» EXERCISE REQUIREMENTS:
Your copy should run exactly from the line containing "A photo of the" to the last line of the entries below, and it should include no pictures.

» EXERCISE DATA:
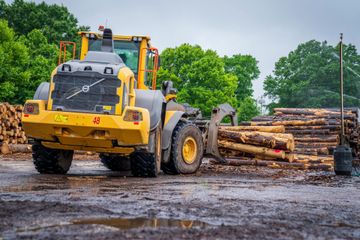A yellow bulldozer is parked in front of a pile of logs.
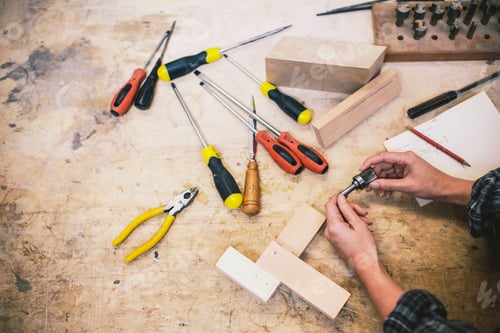 Preview: Hands of young craftswoman holding component in pipe organ workshop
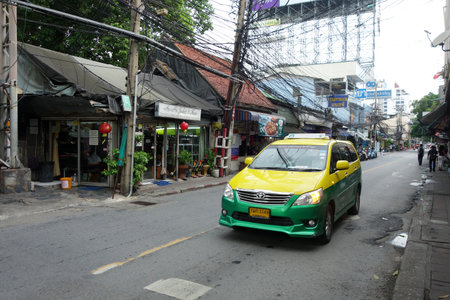 BANGKOK, THAILAND- 20 MAY, 2017: Typical Taxi ride in downtown area of Bangkok, Thailand without passenger. Even though public transportation develops quite well in Bangkok, however traffic congestion is still not smooth.のeditorial素材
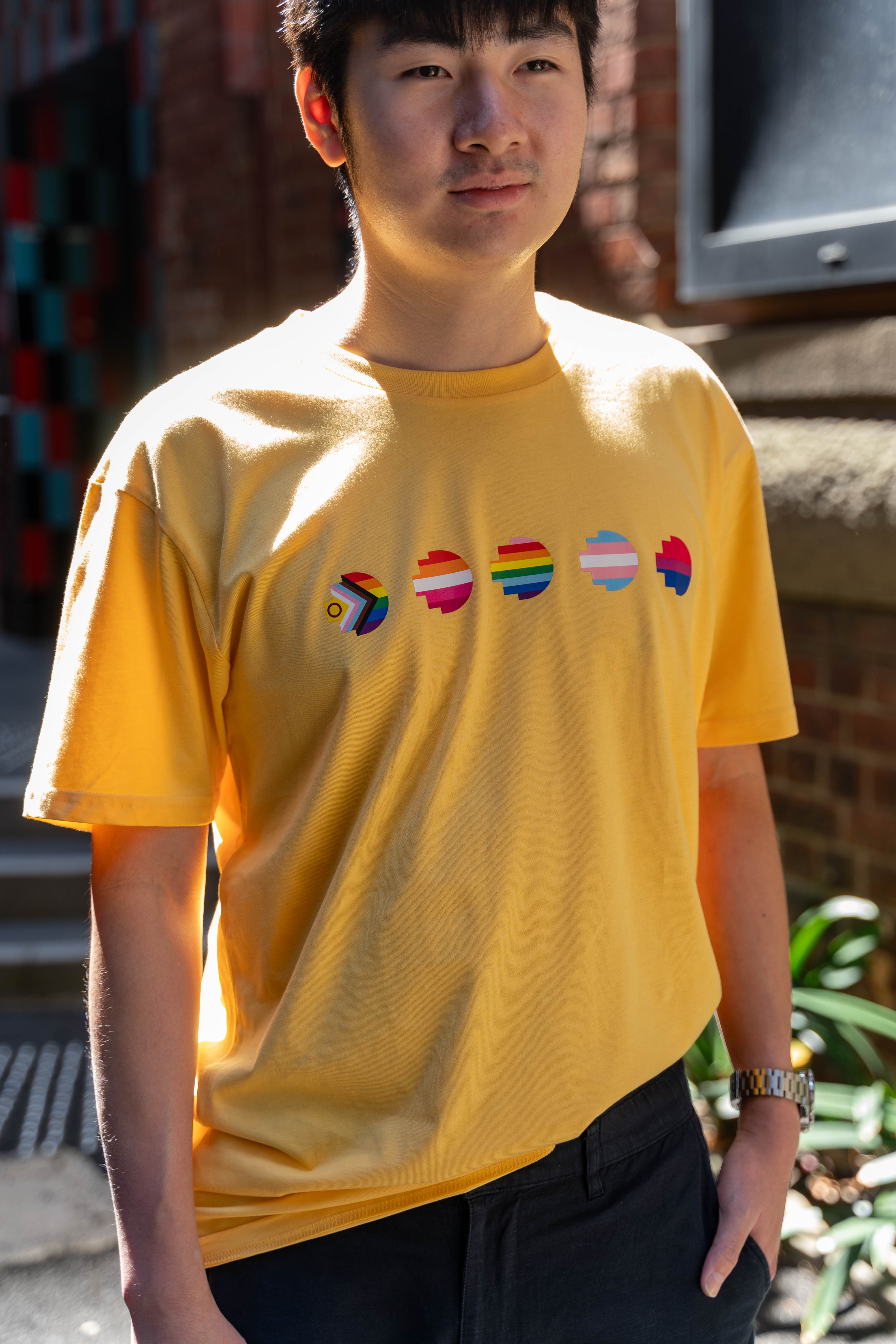 Front view of model wearing the yellow limited edition Pride Unity Tee from RMIT Store, complete with pride flag graphics set against a city backdrop.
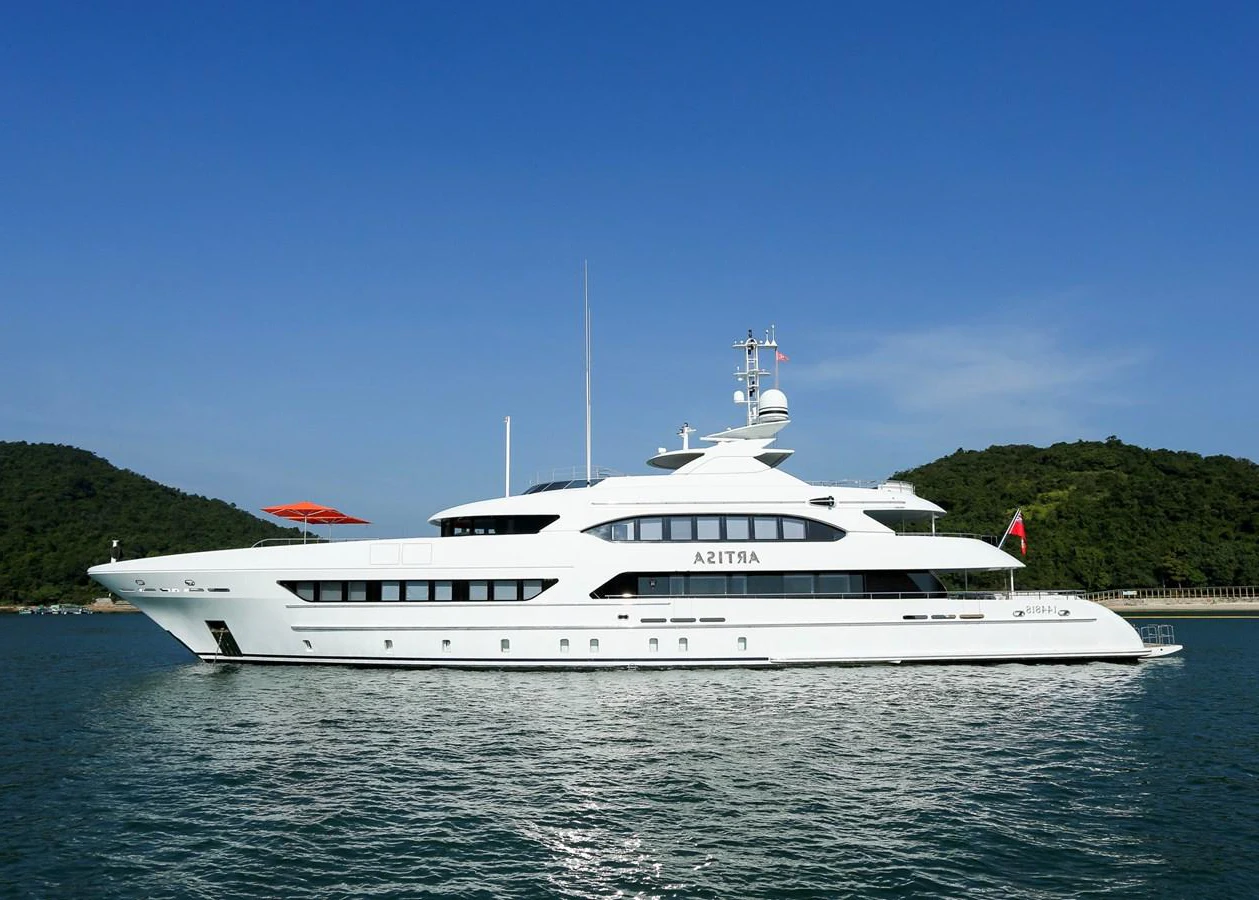 A sleek white yacht cruises gracefully on calm waters against a backdrop of lush green hills and a clear blue sky. aboard HEESEN 47M Yacht for Sale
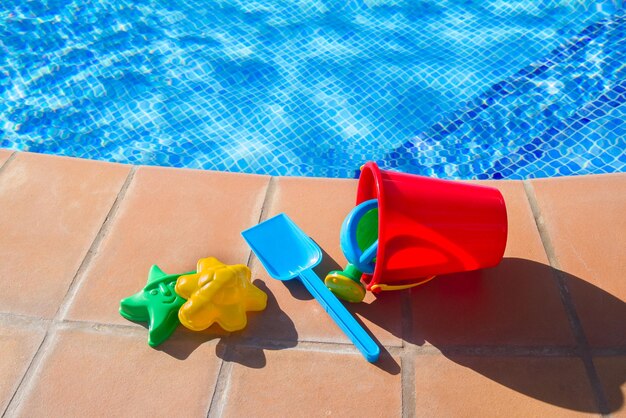 Bucket with plastic beach toys near pool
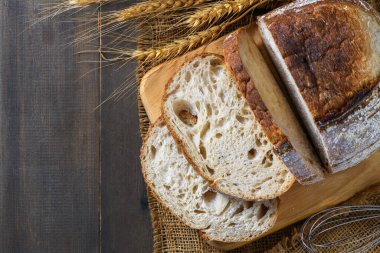 Ahşap zemin üzerinde dilimlenmiş ekşi ekmeğin üst görünümü, ev yapımı fırın konsepti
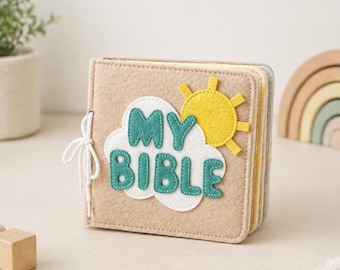May include: A square felt book with a tan cover featuring a white cloud applique, a yellow sun, and the teal text "MY BIBLE" stitched on the front. The book is bound with a white cord on the left side and contains multiple pages of varying colors.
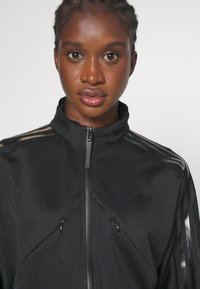 Veste de sport noire avec col montant, dotée de deux poches zippées et de rayures noires brillantes sur les épaules.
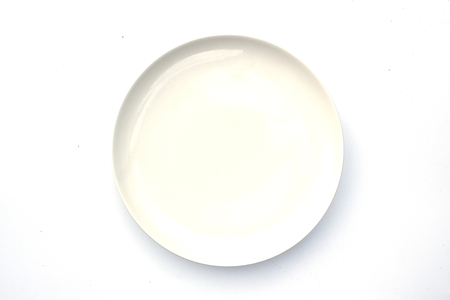 white ceramic round plate isolated on white background.の写真素材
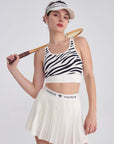White sports bra with printed zebra pattern, designed for comfort and style during active sports.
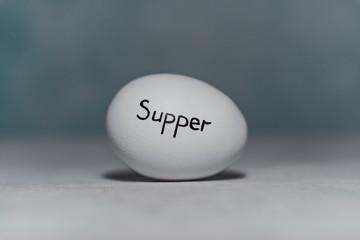An inscription on a chicken egg for a reminder of supper.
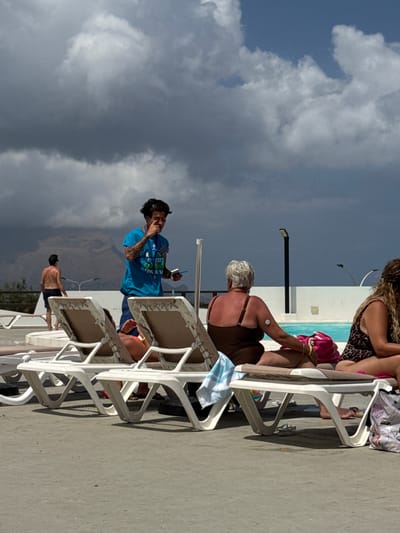 The image shows a group of people relaxing on lounge chairs by a swimming pool. The scene is outdoors, likely during the daytime, with a mix of bright sunlight and dark, stormy clouds in the sky. The people are dressed in swimwear and appear to be enjoying a leisurely day.
One person, a woman with grey hair, is sitting on a lounge chair wearing a brown swimsuit. She has a small medical device attached to her upper arm. Another person, a man wearing a blue t-shirt with text on it, is standing and appears to be talking on his phone. The t-shirt has text that reads "FINO AL PIÙ GRANDE" and "IL PIÙ GRANDE" in Italian, along with some other illegible text. A third person, a man with tanned skin, is seen from behind, wearing dark swim trunks. Other individuals are partially visible in the background, also seated on lounge chairs.
The setting appears to be a resort or a private pool area, with white plastic lounge chairs and a tiled pool edge visible. The ground is a concrete surface. The weather seems dynamic, with dramatic clouds suggesting a change in conditions. The overall mood is relaxed and casual, indicative of a vacation or a day spent by the water. The location is Capaci, Italy.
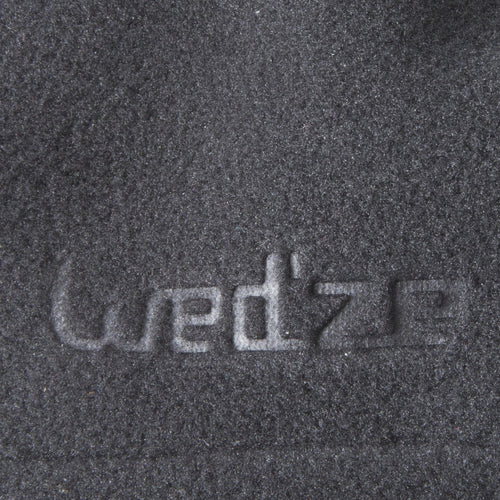 A photo of the ADULT SKI FLEECE NECK-WARMER - TANKA - BLACK in use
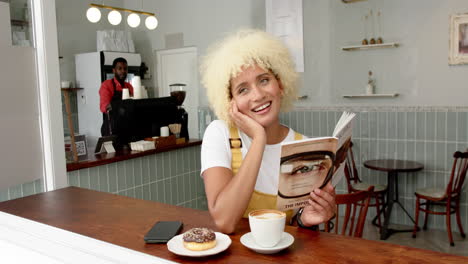 Una-Joven-Birracial-Con-Cabello-Rubio-Rizado-Sonríe-Mientras-Lee-Un-Libro-En-Un-Café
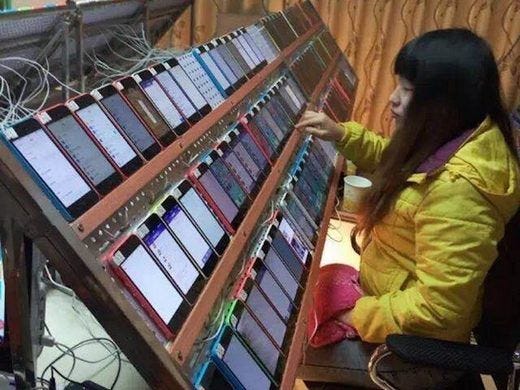 The famous image of a Chinese click farm worker with a bank of phones creating fake clicks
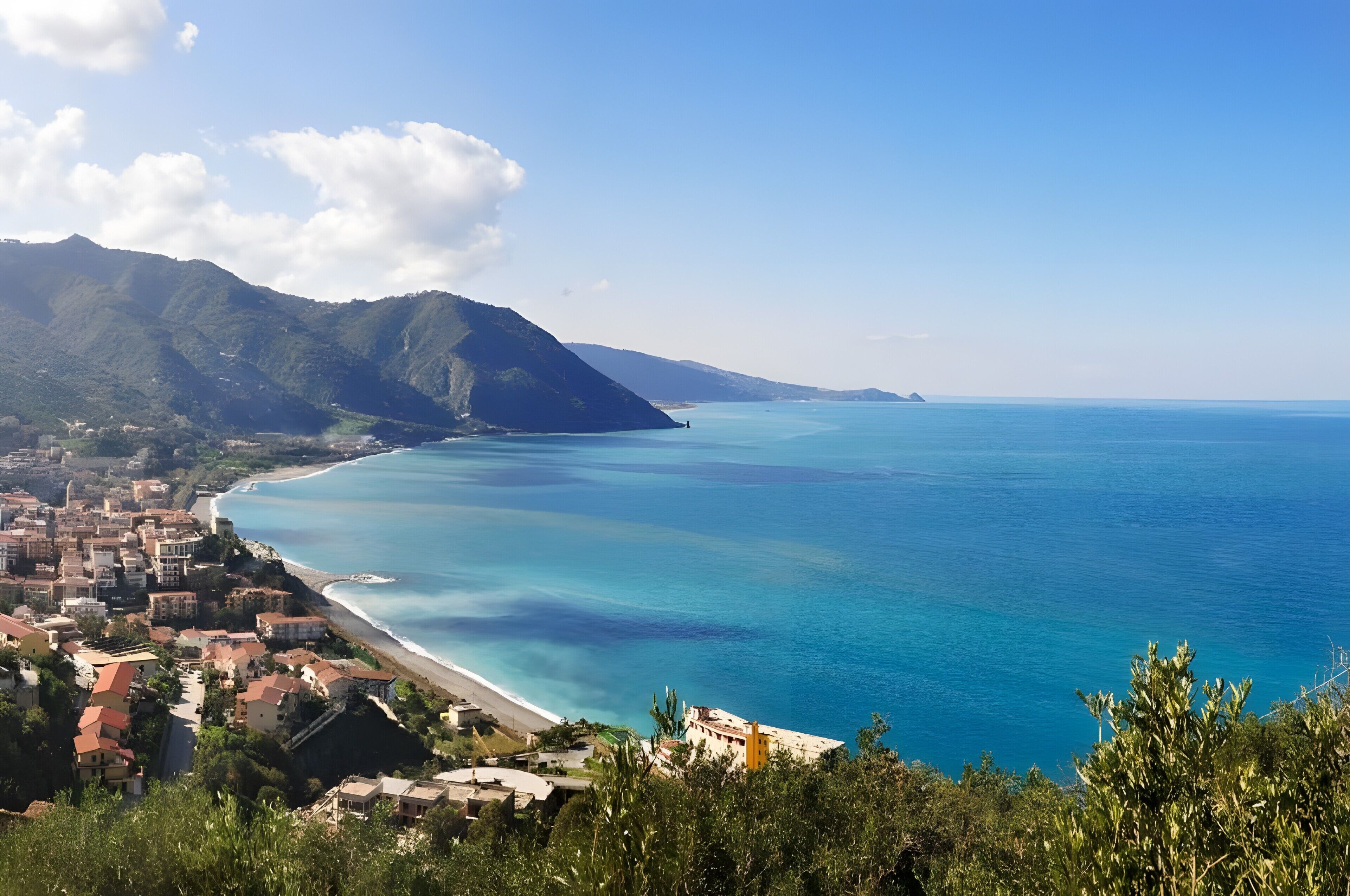 Una località costiera con spiaggia, edifici e montagne.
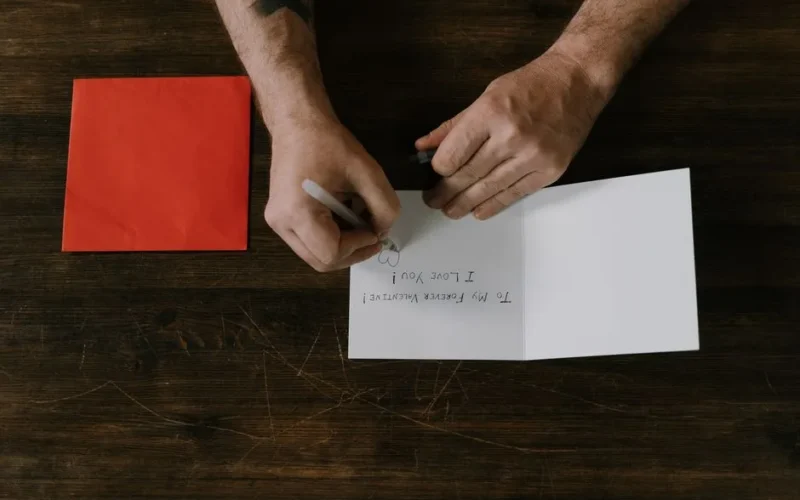 Man writing a romantic message on a card with a red envelope, top view.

» RESULT OF THIS TASK:
 A photo of the ADULT SKI FLEECE NECK-WARMER - TANKA - BLACK in use
 Una-Joven-Birracial-Con-Cabello-Rubio-Rizado-Sonríe-Mientras-Lee-Un-Libro-En-Un-Café
 The famous image of a Chinese click farm worker with a bank of phones creating fake clicks
 Una località costiera con spiaggia, edifici e montagne.
 Man writing a romantic message on a card with a red envelope, top view.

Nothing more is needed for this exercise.